Screenshot from the Amiga version

Heroes of the Lance is a side-scrolling action game.

The eight heroes from the Dragonlance series are assembled for the quest, but only one is visible on the screen at a time; when the on-screen hero dies, the next in line appears. Heroes of the Lance uses Dungeons & Dragons game statistics, with character statistics taken exactly from the rule books. Three characters have special abilities (healing magic, wizard magic, and trap removal), but the other five merely act as "lives" for the player as in traditional action-platforming games.

==Plot==

Heroes of the Lance focuses on the journey of eight heroes through the ruined city of Xak Tsaroth, where they must face the ancient dragon Khisanth and retrieve the relic, the Disks of Mishakal.

Even if it is a faithful representation of a portion of the novel Dragons of Autumn Twilight, it was a departure from the role-playing game module Dragons of Despair the book itself is based on.

==Characters==
The eight heroes that make up the party are:
- Goldmoon, a princess who brandishes the Blue Crystal Staff, an artifact whose powers she seeks to fully understand.
- Sturm Brightblade, a powerful and solemn knight.
- Caramon Majere, a warrior who makes up for his lack of intelligence with pure strength and fighting prowess.
- Raistlin Majere, Caramon's twin brother; a sly and brilliant, but frail, mage.
- Tanis Half-Elven, the 'natural leader' of the heroes, and good with a bow.
- Tasslehoff Burrfoot, a kender pickpocket. He fights with a sling weapon known as a hoopak.
- Riverwind, Goldmoon's betrothed. He is a noble and wise warrior.
- Flint Fireforge, a grizzled dwarven warrior.

==Development==
Heroes of the Lance was based on the original Dragonlance novels written by Margaret Weis and Tracy Hickman. Heroes of the Lance was not part of the Gold Box series; the nickname for these other D&D titles were "Silver Box" games. The NES version was developed by Natsume.

==Reception==

Heroes of the Lance was very successful for SSI, with 88,808 copies sold for computers in North America. After reviewing a pre-production copy of the DOS version of Heroes of the Lance, the magazine G.M. praised its graphics and "excellent" audio and said that "it would undoubtedly go straight to the top of the computer games charts and stay there for several months. It's that good". Computer Gaming World gave the DOS version of the game a similarly positive review. Jim Trunzo reviewed Heroes of the Lance in White Wolf, rating it a 4 out of 5 and stated that "Graphically, the product is inspirational, regardless of the machine on which it is being played. Full-figured characters and monsters and detailed backgrounds make the game a joy to look at as well as play."

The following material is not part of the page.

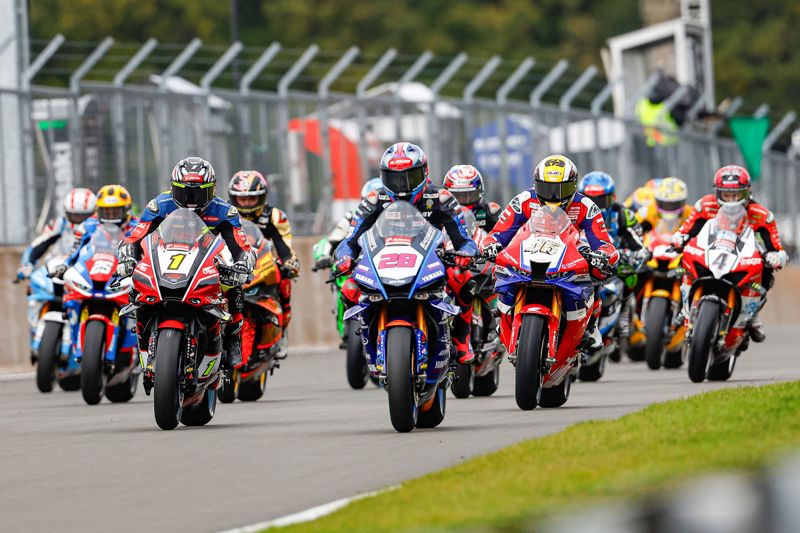 ZYN BSB season revs into action at Oulton Park this May – book discounted tickets now!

Electronic Gaming Monthly columnist Seanbaby listed the NES version as the 2nd worst NES game, and as the 11th worst video game.

Levi Buchanan, in a classic Dungeons & Dragons videogame retrospective for IGN, wrote that if the players don't plan well, they can lose a lot of heroes in a very short period of time. He added that this offered a slight strategy angle, but D&D fans largely preferred the Pool of Radiance straight RPG approach. Pool of Radiance sales were triple that of Heroes of the Lance. According to GameSpy, although the game was a fairly decent side-scroller for its time, it was also known for it frustrating level of difficulty, and its inability to save the game.

Review score
| Publication | Score |
|---|---|
| Famitsu | 4/10, 6/10, 6/10, 2/10 (NES) |

Award
| Publication | Award |
|---|---|
| Your Sinclair | YS Megagame |

==Legacy==
The storyline for this game continued in two subsequent video games, Dragons of Flame and Shadow Sorcerer.